Record set Block Start

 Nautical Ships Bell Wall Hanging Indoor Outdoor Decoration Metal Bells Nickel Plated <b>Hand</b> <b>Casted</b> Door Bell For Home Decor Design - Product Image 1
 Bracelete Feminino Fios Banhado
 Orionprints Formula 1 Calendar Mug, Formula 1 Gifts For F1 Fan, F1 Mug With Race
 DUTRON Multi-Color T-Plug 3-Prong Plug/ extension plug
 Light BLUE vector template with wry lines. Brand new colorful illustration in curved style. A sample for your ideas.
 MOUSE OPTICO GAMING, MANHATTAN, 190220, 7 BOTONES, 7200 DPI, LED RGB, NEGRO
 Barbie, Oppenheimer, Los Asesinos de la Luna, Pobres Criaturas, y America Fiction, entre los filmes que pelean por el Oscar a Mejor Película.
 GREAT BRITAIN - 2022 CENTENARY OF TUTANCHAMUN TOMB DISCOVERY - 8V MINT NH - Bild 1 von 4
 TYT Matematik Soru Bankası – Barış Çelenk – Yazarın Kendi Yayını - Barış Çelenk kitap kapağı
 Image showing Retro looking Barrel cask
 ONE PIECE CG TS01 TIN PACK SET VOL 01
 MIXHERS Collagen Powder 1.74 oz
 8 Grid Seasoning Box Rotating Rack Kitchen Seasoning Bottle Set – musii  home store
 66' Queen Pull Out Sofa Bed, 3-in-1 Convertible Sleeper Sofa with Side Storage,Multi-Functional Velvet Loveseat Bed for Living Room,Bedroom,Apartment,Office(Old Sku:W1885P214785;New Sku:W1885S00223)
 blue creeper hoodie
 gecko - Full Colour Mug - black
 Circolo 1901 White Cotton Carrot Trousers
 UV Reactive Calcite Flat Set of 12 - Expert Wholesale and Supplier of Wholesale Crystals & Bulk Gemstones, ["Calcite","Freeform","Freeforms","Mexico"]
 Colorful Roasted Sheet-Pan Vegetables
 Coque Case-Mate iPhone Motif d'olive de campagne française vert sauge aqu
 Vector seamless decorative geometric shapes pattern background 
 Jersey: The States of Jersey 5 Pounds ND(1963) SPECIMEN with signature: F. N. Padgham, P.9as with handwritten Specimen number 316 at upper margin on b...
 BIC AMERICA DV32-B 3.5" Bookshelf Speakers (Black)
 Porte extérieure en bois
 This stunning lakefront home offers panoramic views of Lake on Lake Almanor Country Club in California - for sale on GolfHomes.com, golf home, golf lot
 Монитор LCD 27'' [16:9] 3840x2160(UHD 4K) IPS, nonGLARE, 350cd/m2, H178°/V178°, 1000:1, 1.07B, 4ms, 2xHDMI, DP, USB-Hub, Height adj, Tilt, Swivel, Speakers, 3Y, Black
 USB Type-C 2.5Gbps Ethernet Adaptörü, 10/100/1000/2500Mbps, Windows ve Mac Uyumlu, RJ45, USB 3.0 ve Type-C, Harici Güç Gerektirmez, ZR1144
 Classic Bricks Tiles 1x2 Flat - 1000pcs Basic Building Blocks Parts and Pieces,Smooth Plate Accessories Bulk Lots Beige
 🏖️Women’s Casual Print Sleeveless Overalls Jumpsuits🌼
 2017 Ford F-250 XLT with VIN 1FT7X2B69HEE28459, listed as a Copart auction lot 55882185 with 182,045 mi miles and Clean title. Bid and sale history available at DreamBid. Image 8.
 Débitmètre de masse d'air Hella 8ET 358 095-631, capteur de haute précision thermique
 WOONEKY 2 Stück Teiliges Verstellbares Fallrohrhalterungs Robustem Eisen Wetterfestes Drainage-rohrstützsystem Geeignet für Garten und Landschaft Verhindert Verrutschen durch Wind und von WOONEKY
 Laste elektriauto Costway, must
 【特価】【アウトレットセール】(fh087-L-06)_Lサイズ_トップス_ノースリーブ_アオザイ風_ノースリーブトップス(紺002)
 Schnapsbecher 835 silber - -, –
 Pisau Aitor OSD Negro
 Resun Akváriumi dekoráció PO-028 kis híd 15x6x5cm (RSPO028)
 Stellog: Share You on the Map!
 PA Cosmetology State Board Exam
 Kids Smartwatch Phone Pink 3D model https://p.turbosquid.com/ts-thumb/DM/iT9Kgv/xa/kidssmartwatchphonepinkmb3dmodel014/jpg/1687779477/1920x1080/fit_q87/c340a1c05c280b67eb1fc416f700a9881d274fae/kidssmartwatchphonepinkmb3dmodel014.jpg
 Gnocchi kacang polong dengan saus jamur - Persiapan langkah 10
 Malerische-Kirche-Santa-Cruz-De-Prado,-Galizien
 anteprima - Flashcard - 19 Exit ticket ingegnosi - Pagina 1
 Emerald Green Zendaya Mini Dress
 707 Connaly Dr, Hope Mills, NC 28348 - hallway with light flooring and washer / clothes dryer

Record set Block End

**Task goal:** Copy out, exactly and alone, the lines of the entries above between the ones holding "This stunning lakefront" and "Монитор LCD 27''", inclusive.

**Written response:**
 This stunning lakefront home offers panoramic views of Lake on Lake Almanor Country Club in California - for sale on GolfHomes.com, golf home, golf lot
 Монитор LCD 27'' [16:9] 3840x2160(UHD 4K) IPS, nonGLARE, 350cd/m2, H178°/V178°, 1000:1, 1.07B, 4ms, 2xHDMI, DP, USB-Hub, Height adj, Tilt, Swivel, Speakers, 3Y, Black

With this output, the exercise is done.